Harry Coyne stood. He put his hat on and said, “You go on, lad. I’ll see meself out.”
“I’ll be on Lauriston Street tomorrow, Harry,” Joe said, then he turned to his daughter. “What happened, Katie? How do you know she’s in jail?” he asked her.
“Mum sent a messenger to the house. Oh, and Dad? How much money have you got on you? Because Mum says you need to post bail for her and Auntie Maud before they can be released, but you can do it at the jail, because they were taken straight there, not to the courts, and crikey but I’m parched! Are you going to finish that?”
Joe handed her his teacup. “Did you come all the way over here alone?” he asked sternly.
“No, I have Uncle Seamie with me and Mr. Foster, too.”
“Uncle Seamie? What’s he doing here?”
“He’s staying with us again. Just for a bit while he’s in London. Didn’t Mum tell you?” Katie said, between gulps of tea.

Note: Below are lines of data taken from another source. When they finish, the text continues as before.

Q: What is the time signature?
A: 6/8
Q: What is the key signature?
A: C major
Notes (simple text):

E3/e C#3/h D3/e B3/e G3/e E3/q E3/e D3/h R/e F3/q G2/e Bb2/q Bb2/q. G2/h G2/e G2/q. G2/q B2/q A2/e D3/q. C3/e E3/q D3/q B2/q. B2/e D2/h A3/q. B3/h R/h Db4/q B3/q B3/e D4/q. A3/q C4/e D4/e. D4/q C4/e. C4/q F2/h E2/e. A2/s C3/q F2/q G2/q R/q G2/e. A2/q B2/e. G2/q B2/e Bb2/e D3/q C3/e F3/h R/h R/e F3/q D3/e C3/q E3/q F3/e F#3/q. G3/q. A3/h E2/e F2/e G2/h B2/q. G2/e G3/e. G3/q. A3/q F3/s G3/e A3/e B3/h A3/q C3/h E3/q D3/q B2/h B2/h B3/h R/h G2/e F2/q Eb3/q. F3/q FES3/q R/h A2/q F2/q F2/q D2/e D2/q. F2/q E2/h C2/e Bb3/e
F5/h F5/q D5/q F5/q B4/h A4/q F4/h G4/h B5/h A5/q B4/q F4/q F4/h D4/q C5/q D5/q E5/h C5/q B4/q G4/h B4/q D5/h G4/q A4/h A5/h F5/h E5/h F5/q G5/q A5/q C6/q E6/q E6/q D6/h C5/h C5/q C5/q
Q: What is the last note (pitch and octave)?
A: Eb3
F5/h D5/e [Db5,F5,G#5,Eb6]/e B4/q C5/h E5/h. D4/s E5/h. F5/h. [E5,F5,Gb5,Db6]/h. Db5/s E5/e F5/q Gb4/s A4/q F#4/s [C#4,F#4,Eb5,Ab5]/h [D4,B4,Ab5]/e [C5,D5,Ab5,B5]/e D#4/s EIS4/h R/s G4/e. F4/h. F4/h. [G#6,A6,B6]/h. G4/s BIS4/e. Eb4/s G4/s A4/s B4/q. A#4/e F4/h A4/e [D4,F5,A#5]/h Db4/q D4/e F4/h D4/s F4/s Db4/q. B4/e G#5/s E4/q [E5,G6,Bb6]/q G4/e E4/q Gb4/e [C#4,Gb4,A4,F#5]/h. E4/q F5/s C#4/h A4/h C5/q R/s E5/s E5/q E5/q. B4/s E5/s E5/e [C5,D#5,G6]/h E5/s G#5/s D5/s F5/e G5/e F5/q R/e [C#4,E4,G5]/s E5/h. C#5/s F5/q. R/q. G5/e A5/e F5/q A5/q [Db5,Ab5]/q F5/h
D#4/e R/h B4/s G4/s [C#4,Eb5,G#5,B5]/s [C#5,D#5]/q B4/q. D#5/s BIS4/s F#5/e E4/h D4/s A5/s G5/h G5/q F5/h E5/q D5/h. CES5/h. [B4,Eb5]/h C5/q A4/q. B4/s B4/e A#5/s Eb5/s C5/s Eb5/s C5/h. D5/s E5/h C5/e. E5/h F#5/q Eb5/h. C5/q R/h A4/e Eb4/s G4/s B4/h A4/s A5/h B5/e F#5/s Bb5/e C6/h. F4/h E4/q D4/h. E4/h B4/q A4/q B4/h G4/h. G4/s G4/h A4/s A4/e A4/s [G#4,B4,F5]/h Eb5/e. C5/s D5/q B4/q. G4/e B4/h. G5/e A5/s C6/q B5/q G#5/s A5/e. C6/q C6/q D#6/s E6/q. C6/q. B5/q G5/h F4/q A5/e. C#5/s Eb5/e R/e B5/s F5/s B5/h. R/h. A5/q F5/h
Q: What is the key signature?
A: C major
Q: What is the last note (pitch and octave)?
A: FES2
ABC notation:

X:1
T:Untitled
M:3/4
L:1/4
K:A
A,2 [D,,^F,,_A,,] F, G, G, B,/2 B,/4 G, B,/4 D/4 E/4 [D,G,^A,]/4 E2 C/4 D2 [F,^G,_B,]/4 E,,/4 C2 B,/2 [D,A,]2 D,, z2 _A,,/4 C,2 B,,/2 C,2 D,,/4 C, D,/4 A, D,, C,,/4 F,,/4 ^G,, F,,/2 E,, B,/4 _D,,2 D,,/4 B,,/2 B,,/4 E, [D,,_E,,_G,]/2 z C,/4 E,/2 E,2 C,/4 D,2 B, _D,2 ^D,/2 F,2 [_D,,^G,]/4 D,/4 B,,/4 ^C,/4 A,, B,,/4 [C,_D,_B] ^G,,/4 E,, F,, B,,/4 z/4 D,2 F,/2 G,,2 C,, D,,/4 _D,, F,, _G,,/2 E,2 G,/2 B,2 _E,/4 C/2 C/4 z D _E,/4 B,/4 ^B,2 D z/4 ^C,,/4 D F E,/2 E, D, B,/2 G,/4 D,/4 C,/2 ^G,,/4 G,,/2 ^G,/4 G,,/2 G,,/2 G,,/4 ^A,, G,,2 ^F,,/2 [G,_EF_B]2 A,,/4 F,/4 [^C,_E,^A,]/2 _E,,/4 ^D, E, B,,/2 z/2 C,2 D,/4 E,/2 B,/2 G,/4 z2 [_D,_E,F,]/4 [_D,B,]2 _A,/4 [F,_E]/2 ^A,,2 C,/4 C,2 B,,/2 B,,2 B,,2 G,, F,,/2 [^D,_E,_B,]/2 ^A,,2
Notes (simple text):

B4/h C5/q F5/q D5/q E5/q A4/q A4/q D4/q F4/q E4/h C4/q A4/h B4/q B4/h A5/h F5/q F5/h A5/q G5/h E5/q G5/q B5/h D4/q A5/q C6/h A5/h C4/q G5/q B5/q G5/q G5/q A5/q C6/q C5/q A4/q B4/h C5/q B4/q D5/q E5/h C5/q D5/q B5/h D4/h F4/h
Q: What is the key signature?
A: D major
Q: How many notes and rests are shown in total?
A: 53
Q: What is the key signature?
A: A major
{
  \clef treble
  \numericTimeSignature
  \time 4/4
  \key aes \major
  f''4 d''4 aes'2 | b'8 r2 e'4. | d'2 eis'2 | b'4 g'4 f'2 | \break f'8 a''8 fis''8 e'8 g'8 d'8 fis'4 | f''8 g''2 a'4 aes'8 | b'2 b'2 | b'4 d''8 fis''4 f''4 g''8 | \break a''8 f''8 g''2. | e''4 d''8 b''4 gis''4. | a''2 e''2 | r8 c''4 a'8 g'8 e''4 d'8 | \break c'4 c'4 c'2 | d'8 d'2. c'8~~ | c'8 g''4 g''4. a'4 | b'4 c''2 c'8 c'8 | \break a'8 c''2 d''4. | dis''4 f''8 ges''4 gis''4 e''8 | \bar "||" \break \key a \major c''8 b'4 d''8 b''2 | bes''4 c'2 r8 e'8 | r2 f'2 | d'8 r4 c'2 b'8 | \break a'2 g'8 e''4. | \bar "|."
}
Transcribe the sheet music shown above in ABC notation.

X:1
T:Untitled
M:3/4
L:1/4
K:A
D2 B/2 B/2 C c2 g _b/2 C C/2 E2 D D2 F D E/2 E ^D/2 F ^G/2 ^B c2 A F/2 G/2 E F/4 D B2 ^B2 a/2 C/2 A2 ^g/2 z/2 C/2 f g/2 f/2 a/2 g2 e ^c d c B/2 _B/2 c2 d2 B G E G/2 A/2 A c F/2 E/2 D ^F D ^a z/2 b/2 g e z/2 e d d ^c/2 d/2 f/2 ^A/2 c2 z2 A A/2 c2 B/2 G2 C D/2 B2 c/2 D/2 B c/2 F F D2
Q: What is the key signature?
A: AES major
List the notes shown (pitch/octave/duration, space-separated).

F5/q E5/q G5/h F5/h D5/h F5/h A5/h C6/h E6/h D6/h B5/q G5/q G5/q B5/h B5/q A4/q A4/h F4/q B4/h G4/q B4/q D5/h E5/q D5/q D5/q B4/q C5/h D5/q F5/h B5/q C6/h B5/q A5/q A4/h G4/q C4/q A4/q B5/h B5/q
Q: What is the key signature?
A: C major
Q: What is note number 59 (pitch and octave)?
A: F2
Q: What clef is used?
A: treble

“No,” Joe said, leaning forward in his wheelchair and peering out of his office. Amid five or six of his constituents sat Mr. Foster, his butler, upright, knees together, hands folded on top of his walking stick. Upon seeing Joe looking at him, he removed his hat and said, “Good afternoon, sir.”
Joe leaned farther and saw his usually brisk, no-nonsense secretary fluttering madly around someone. She was blushing and twisting her necklace and giggling like a schoolgirl. The someone was his brother-in-law. Seamie looked up, smiled, and gave him a wave.